TOWARDS ORGANIC POLYMERS WITH SMALL INTRINSIC BAND-GAPS .3. GEOMETRIC AND ELECTRONIC-STRUCTURES OF THE BASE AND SALT FORMS OF POLYPYRRYLENEMETHINE

We present semiempirical modified neglect of diatomic overlap (MNDO) geometry optimizations and valence effective Hamiltonian (VEH) pseudopotential band structure calculations on the base and salt (protonated) forms of polypyrrylenemethine. This compound is a conjugated polymer based on 2H-pyrrole rings which are bridged by methine-type carbons. In the base (neutral) form, the band gap is calculated to be 1.47 eV. The presence of imine-type nitrogens results in an electronic structure for polypyrrylenemethine which is significantly different from that of polypyrrole despite the presence of six pi electrons per unit cell. After protonation of the imine nitrogens, we find that the band gap for the salt form decreases to 0.78 eV, i.e., a value half as big as that of the neutral form.

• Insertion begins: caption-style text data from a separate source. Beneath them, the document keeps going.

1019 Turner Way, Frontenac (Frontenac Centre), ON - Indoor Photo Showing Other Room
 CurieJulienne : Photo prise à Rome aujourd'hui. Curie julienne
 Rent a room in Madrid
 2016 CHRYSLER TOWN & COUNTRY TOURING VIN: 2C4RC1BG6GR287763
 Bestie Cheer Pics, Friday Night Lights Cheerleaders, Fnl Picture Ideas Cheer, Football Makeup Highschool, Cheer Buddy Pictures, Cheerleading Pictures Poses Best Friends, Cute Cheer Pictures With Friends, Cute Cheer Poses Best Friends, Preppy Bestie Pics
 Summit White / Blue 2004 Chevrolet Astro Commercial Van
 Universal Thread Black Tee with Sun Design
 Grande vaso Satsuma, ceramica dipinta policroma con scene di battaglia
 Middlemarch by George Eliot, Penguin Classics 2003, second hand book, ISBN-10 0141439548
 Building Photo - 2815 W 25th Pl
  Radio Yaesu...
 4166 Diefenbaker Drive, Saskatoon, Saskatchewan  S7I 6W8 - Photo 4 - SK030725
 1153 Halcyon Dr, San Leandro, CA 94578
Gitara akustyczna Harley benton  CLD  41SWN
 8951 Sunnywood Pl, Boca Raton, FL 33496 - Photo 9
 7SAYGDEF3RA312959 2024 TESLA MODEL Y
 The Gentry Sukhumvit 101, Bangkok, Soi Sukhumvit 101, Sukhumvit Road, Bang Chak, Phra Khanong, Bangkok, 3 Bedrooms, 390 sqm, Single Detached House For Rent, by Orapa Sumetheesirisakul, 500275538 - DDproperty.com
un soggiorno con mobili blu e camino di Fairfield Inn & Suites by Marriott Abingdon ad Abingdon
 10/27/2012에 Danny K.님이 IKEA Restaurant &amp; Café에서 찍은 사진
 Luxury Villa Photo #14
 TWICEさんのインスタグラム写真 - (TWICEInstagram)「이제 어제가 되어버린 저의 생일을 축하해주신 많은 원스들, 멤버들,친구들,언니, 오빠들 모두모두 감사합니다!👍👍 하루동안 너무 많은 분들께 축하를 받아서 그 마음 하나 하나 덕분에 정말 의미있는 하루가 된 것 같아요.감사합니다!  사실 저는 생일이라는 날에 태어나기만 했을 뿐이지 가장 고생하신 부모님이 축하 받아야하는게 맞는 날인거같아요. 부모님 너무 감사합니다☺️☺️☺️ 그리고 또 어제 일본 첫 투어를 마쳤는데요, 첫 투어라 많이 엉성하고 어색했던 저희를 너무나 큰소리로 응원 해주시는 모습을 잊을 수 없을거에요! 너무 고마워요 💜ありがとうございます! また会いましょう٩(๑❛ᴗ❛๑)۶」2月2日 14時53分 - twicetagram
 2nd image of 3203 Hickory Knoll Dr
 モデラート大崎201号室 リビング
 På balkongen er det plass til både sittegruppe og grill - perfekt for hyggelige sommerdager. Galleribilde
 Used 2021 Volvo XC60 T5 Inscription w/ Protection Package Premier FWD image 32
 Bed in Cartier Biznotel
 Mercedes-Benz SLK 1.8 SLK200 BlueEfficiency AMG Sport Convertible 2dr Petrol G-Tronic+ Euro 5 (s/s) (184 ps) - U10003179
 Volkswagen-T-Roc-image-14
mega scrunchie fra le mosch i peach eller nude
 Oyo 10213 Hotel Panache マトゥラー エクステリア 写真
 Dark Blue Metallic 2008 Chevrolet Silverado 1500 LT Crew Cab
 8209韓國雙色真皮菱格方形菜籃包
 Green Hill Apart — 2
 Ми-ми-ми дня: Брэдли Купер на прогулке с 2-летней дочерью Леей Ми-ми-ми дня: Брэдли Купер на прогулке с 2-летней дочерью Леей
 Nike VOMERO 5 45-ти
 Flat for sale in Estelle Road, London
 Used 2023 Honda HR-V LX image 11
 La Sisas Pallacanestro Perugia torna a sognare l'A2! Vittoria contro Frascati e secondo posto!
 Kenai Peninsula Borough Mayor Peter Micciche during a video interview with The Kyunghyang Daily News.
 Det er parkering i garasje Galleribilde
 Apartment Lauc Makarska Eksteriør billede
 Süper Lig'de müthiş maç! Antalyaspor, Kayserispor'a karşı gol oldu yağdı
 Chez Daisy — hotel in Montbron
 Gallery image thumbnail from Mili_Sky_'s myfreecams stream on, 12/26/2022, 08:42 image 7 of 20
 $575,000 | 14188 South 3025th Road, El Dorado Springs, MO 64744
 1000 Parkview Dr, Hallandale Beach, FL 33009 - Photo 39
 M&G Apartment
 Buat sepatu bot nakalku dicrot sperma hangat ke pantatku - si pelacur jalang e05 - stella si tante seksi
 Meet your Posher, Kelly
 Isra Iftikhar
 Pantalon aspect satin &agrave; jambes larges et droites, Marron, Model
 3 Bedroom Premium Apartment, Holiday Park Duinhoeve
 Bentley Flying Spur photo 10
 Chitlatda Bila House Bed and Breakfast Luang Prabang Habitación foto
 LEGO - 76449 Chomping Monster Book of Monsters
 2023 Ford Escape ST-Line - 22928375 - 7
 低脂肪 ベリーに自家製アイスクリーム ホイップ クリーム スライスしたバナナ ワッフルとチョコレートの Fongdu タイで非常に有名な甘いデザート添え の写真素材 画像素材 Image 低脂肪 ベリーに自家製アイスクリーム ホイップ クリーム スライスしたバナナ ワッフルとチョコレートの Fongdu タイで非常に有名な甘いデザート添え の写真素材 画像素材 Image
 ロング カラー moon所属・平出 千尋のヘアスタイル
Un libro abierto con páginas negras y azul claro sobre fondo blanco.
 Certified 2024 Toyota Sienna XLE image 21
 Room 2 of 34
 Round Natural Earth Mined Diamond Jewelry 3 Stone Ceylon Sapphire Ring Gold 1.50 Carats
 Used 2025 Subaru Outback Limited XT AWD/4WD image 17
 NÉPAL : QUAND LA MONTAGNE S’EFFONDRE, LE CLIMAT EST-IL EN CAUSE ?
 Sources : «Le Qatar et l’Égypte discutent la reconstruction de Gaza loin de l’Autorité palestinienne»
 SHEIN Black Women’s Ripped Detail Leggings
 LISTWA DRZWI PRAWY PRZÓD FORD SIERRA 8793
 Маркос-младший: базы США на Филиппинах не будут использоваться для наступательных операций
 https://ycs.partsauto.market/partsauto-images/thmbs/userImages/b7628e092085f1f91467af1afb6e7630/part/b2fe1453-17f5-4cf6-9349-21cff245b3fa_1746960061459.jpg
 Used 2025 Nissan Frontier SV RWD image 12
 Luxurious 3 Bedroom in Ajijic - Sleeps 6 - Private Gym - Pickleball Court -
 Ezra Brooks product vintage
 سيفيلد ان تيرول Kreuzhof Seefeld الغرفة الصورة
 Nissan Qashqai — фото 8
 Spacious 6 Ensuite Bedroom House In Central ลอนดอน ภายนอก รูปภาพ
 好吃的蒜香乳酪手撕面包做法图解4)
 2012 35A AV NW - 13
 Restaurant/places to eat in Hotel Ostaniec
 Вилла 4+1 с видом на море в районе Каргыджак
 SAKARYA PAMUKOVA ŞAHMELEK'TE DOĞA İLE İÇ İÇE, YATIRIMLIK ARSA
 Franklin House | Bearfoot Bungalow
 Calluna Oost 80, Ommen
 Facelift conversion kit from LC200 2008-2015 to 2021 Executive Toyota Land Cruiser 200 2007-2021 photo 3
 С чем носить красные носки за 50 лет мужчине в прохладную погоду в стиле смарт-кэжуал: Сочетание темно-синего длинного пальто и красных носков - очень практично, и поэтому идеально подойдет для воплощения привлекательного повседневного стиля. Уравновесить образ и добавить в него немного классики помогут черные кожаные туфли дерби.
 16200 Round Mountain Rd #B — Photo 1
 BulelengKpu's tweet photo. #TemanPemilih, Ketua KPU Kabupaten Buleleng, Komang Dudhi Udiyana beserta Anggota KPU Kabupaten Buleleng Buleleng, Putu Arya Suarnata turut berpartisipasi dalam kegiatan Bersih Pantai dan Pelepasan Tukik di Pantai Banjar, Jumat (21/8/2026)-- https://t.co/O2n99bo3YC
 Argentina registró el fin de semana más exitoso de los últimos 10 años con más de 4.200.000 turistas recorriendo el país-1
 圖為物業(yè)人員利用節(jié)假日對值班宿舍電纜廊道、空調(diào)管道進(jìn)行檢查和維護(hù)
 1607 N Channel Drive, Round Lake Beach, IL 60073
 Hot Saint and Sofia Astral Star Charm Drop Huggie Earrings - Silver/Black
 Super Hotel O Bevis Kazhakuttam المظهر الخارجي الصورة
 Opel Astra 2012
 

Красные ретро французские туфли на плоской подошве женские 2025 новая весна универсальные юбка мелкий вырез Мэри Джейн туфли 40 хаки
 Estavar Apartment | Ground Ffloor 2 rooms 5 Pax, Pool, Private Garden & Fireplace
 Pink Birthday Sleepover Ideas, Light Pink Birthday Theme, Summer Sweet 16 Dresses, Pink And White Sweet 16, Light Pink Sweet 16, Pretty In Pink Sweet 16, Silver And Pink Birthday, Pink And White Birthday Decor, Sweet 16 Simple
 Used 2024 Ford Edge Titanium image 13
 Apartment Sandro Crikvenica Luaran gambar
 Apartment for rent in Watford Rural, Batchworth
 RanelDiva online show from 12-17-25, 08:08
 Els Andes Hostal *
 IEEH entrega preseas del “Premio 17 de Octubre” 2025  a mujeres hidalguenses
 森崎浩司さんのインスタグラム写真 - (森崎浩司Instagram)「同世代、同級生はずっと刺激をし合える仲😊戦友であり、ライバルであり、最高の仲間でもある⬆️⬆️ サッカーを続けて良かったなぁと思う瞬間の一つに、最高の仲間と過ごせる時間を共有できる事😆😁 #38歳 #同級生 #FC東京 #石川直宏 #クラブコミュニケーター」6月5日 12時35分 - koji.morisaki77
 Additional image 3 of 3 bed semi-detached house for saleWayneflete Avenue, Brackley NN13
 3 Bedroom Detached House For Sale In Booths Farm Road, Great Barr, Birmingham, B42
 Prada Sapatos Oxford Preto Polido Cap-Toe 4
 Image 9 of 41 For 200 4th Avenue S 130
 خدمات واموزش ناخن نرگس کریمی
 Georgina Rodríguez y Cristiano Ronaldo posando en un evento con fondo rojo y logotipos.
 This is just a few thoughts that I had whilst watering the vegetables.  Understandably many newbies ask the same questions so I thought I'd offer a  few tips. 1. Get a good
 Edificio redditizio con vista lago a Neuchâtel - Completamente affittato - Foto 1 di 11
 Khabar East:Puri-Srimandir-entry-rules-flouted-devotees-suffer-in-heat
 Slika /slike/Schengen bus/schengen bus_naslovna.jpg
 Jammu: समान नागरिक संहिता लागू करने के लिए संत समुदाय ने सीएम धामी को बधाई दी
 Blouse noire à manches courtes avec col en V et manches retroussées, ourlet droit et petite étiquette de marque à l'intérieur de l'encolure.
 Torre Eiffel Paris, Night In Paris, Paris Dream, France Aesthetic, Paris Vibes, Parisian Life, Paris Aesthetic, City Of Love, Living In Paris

This strong band gap reduction originates from the geometry modification imposed by the protonation process, which leads to a situation where the pyrrole rings alternate between aromatic-type and quinoid-type geometries. Comparison is made with, on the one hand, the oxidation of polybipyrrolemethenylene, and on the other, the protonation of emeraldine base.